Looking at the listing below, retype exactly the lines starting at the one containing "Foto langkah ke" and ending at the one containing "SLUCHADLA KIND s.r.o.", both included, and nothing else.
══════
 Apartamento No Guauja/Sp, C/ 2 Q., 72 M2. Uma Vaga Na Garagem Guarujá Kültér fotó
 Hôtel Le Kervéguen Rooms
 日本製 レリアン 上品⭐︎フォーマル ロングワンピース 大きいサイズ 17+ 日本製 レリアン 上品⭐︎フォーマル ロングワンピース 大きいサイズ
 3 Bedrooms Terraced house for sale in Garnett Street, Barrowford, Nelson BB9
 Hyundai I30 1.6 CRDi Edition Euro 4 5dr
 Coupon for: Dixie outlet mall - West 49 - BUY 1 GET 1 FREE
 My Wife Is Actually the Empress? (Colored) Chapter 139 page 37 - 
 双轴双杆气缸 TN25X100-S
══════
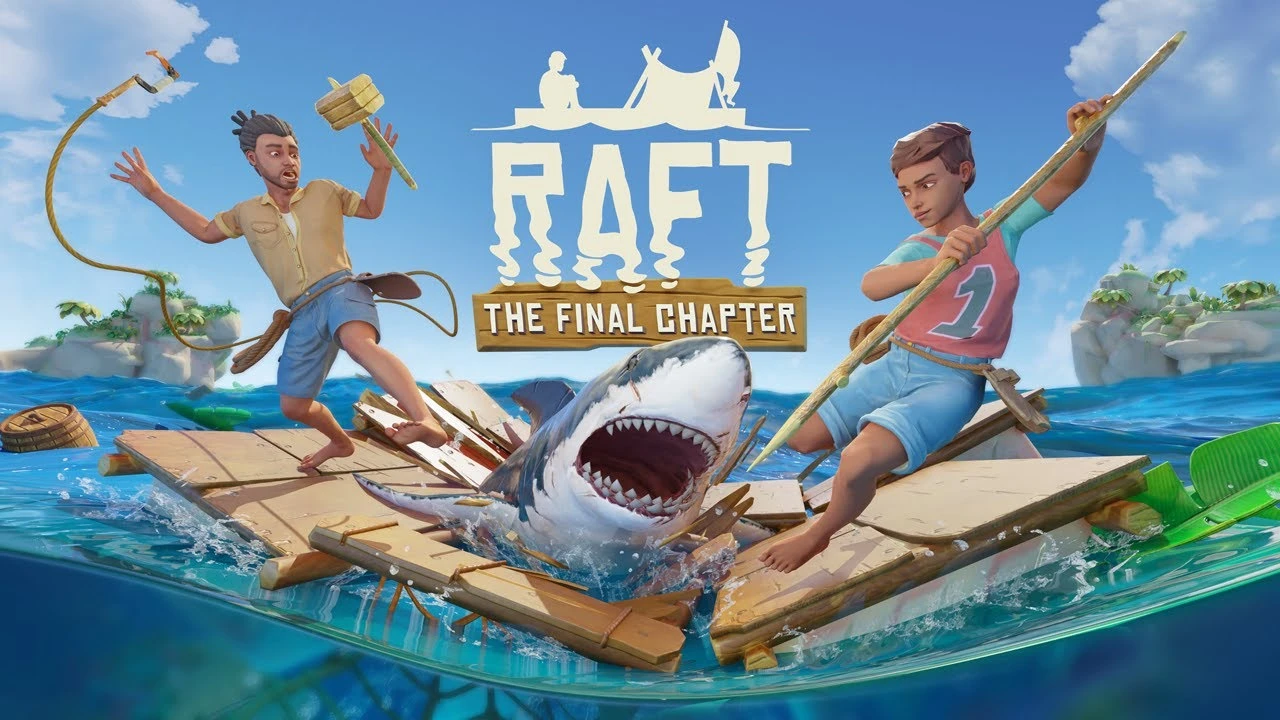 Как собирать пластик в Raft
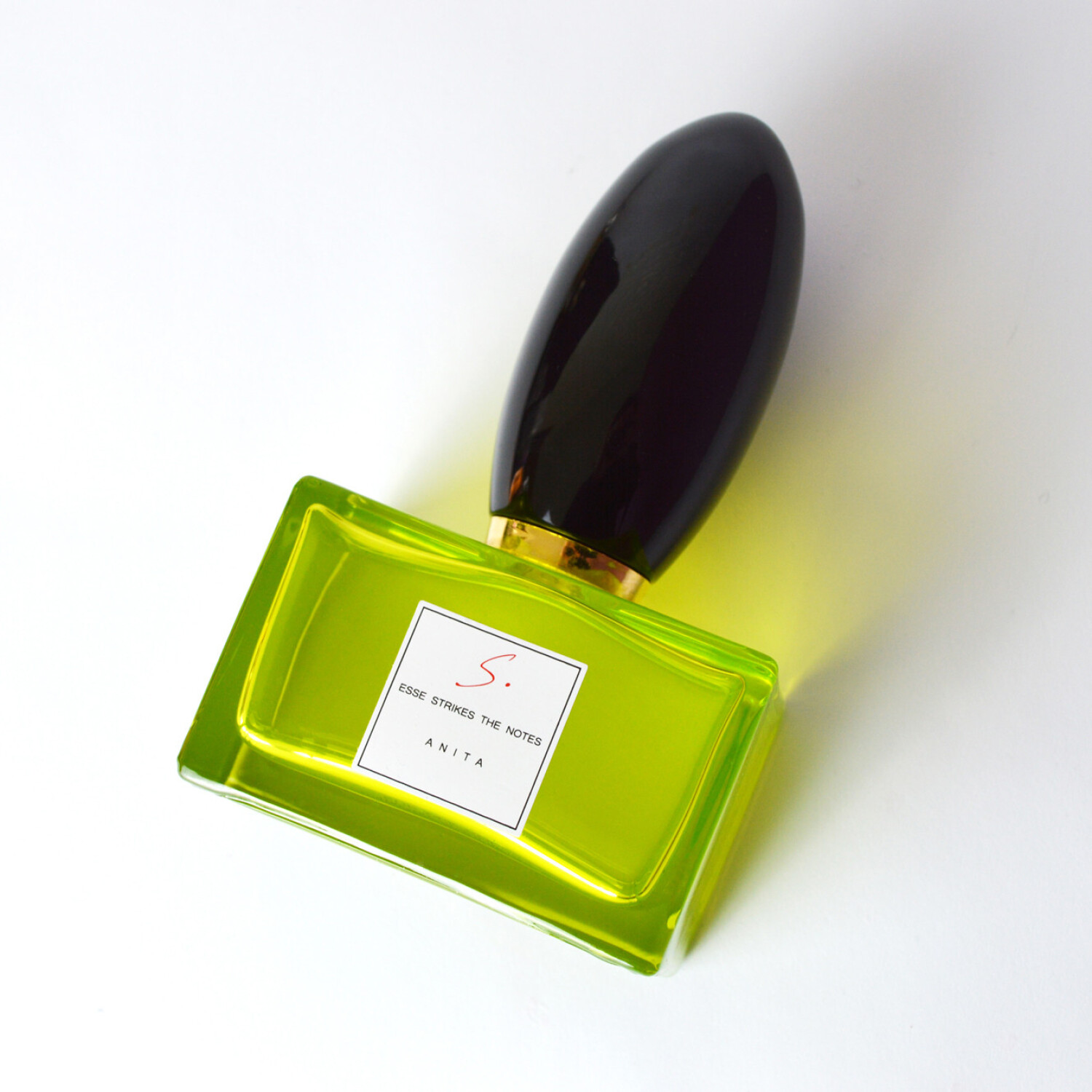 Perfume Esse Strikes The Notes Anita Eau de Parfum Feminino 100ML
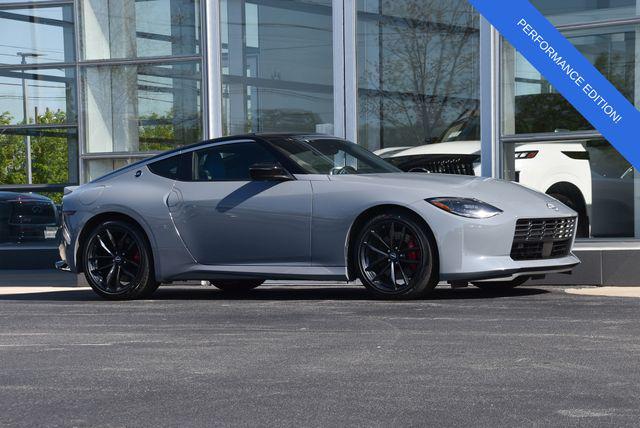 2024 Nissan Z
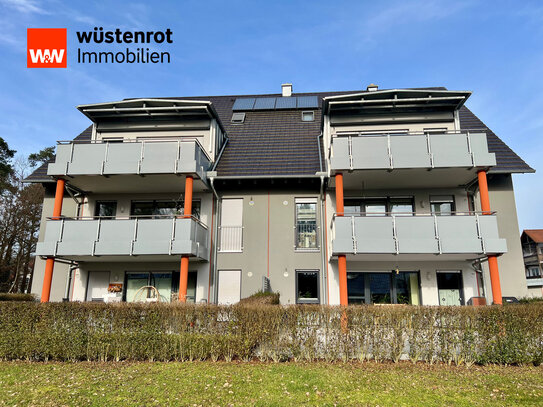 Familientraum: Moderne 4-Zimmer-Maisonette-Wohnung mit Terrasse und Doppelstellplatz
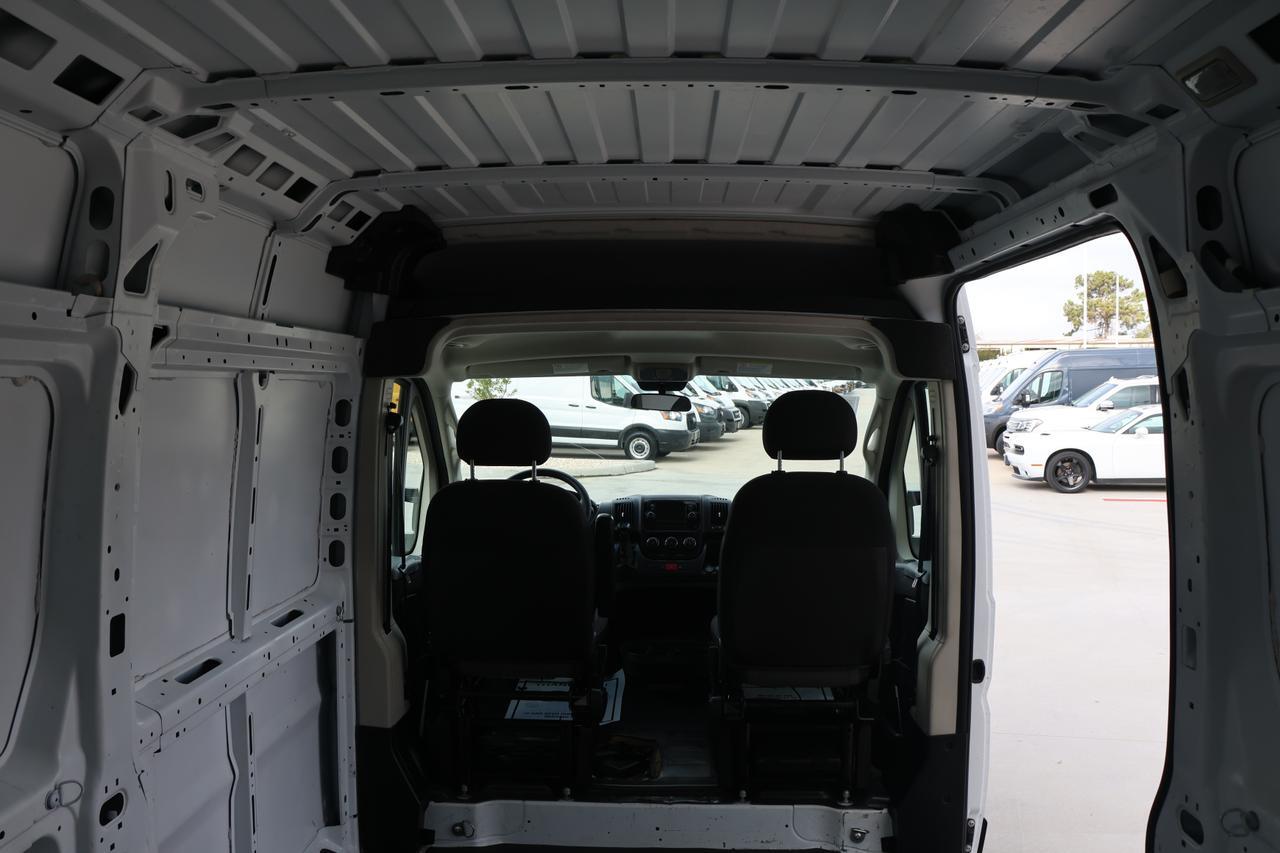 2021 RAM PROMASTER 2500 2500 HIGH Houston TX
══════
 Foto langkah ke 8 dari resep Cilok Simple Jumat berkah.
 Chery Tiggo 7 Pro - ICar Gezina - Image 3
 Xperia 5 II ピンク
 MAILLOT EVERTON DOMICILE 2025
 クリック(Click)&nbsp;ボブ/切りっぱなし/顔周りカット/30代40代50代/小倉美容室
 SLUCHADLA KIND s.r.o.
══════
# [Problem solution]
 Foto langkah ke 8 dari resep Cilok Simple Jumat berkah.
 Chery Tiggo 7 Pro - ICar Gezina - Image 3
 Xperia 5 II ピンク
 MAILLOT EVERTON DOMICILE 2025
 クリック(Click)&nbsp;ボブ/切りっぱなし/顔周りカット/30代40代50代/小倉美容室
 SLUCHADLA KIND s.r.o.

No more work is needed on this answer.